The unifying design idea is the card. On the website, projects ARE cards you click into. On Instagram, posts look like cards from the website — same shape, same typographic logic, same colour. Someone scrolling my feed sees previews of work in the same format they'd see on the site itself. The leap between platforms stays gentle.
The system
Three typefaces, each doing different work, and a small palette that does the rest.
Display
Cactus Jack
Cactus Jack Alternate — for the hero on the homepage, the one moment where the brand sings.
Headings
Gaya
For section titles, project names, and the everyday voice of the brand — warm, considered, a little quiet.
Body
Atkinson
Atkinson Hyperlegible — chosen on purpose.

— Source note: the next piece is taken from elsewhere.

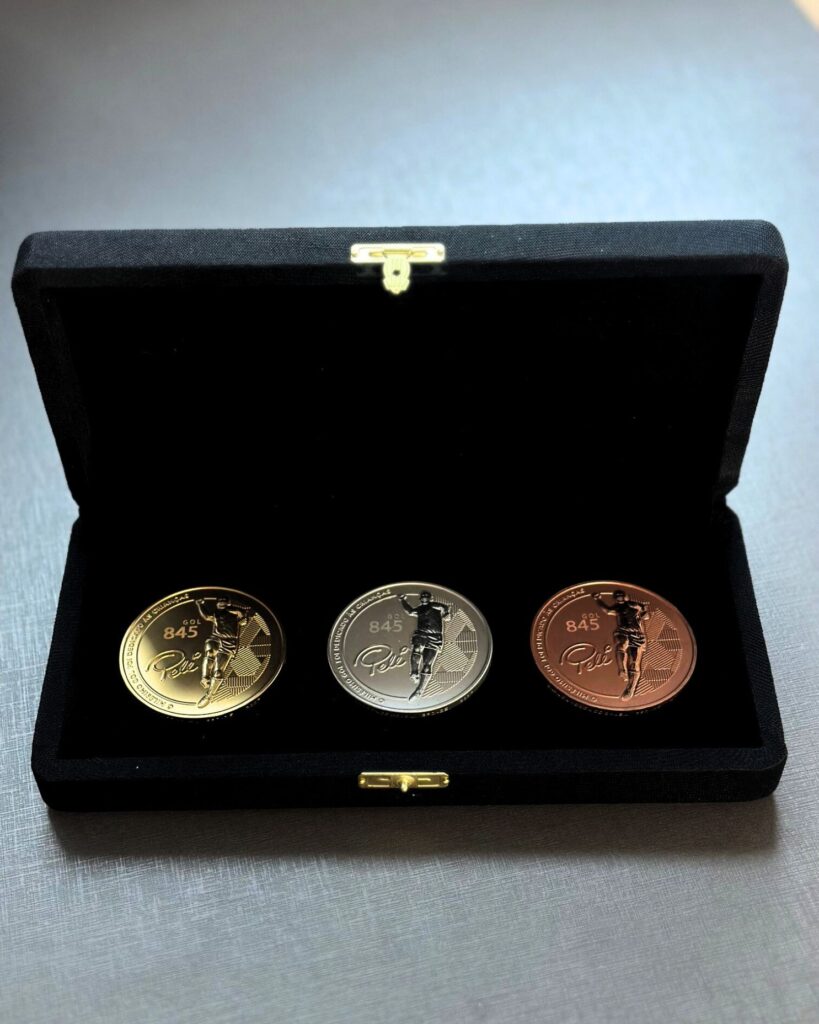 Medalhas em homenagem aos gols de Pelé - Créditos da foto: Divulgação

A typeface designed for readability, including for people with low vision. The brand cares.
The palette is small on purpose: a warm cream as the base, a single gold as the brand accent, an Aegean blue for labels and metadata, and a deep near-black for body text. Restraint is the whole point. Anything more and the work itself can't breathe.
The verbal voice follows the same rule: warm, direct, no jargon. Written the way I'd actually talk about the work to someone I respected. No em-dash flourishes (a small personal allergy). No designer-speak when a plain word will do.
The touchpoints
The website
You're on it. The homepage is structured around cards as the primary interaction — projects, experiments, thinking pieces, the contact card, the "Let's work together" card. Each one a small invitation. The grid breathes; nothing competes for attention with itself.
Project pages follow a consistent rhythm: a short hero with a single question, a body broken into five or so honest sections, a credits block at the end. The format is doing real work — it forces me to make every project legible, to lead with the question instead of the deliverable, and to close with reflection rather than just outcomes.
Three deliberate decisions shape the feed.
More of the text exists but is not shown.